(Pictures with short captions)
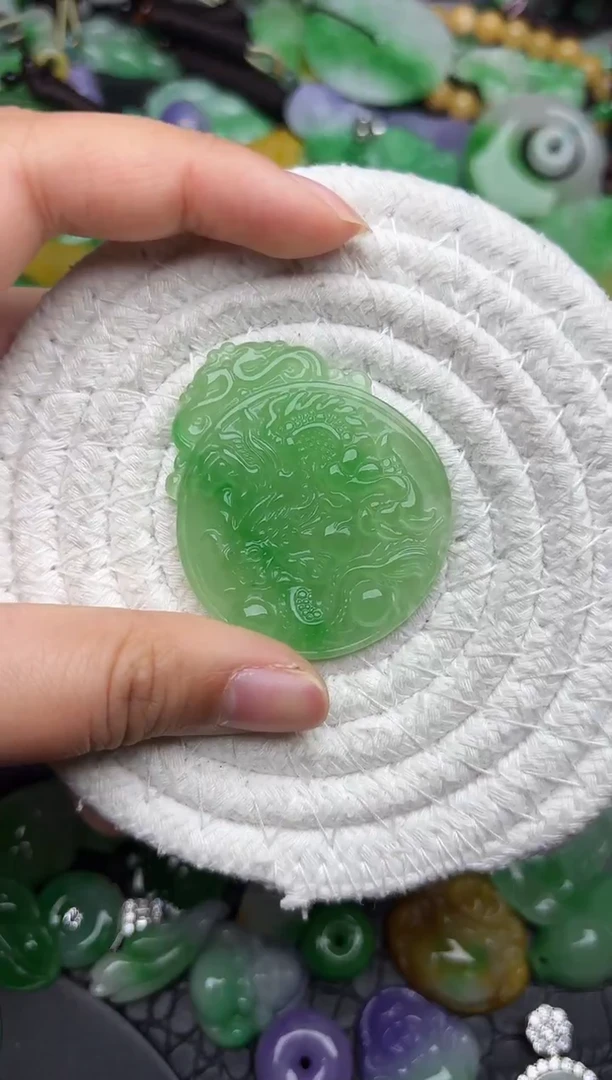 颈饰未镶嵌翡翠缅甸翡翠吊坠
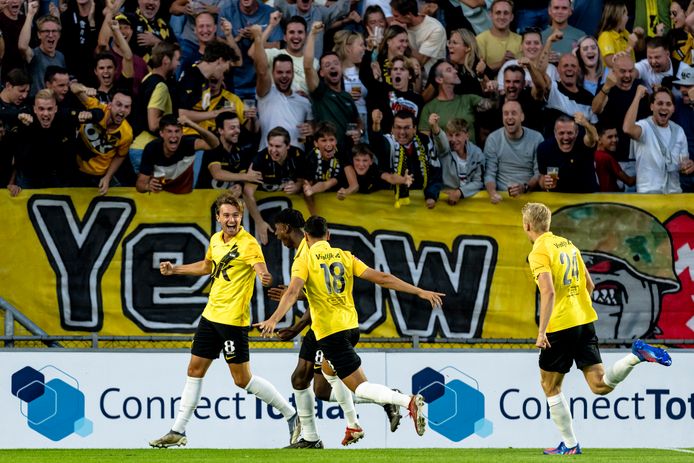 L'Audi Villanas festeggia 1-0 con i suoi compagni.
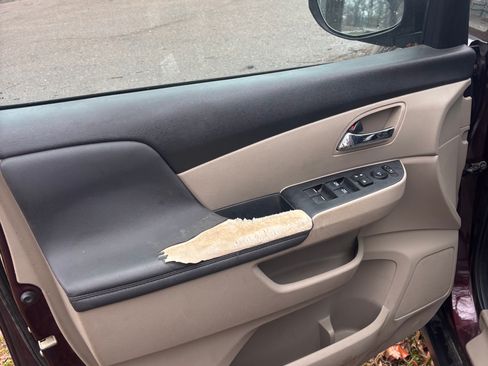 Used 2014 Honda Odyssey EX image 9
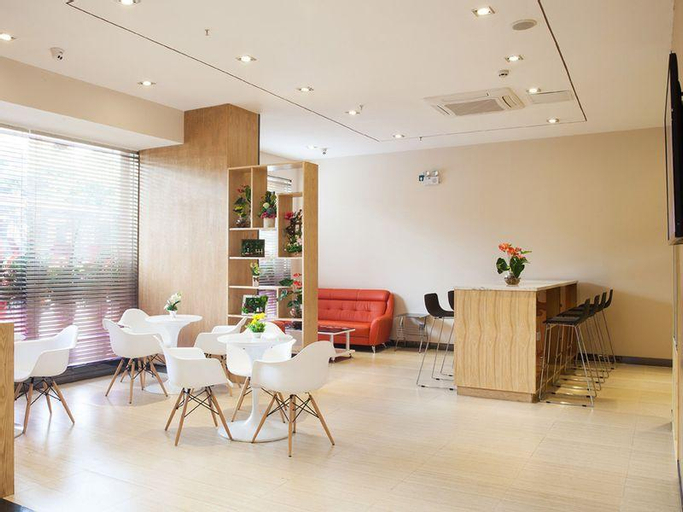 Public Area 2, IU Hotel Zhanjiang Guomao Dingsheng Square, Zhanjiang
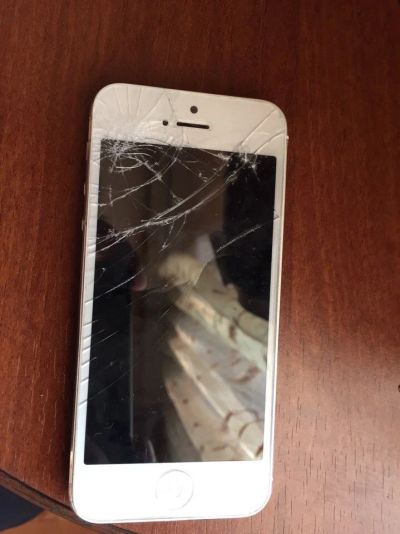Лот: 8210762. Фото: 1. iphone 5 16gb White. Смартфоны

## Problem to solve
Repeat every line above precisely; pictures do not belong in the copy.

## Written solution
 颈饰未镶嵌翡翠缅甸翡翠吊坠
 L'Audi Villanas festeggia 1-0 con i suoi compagni.
 Used 2014 Honda Odyssey EX image 9
 Public Area 2, IU Hotel Zhanjiang Guomao Dingsheng Square, Zhanjiang
Лот: 8210762. Фото: 1. iphone 5 16gb White. Смартфоны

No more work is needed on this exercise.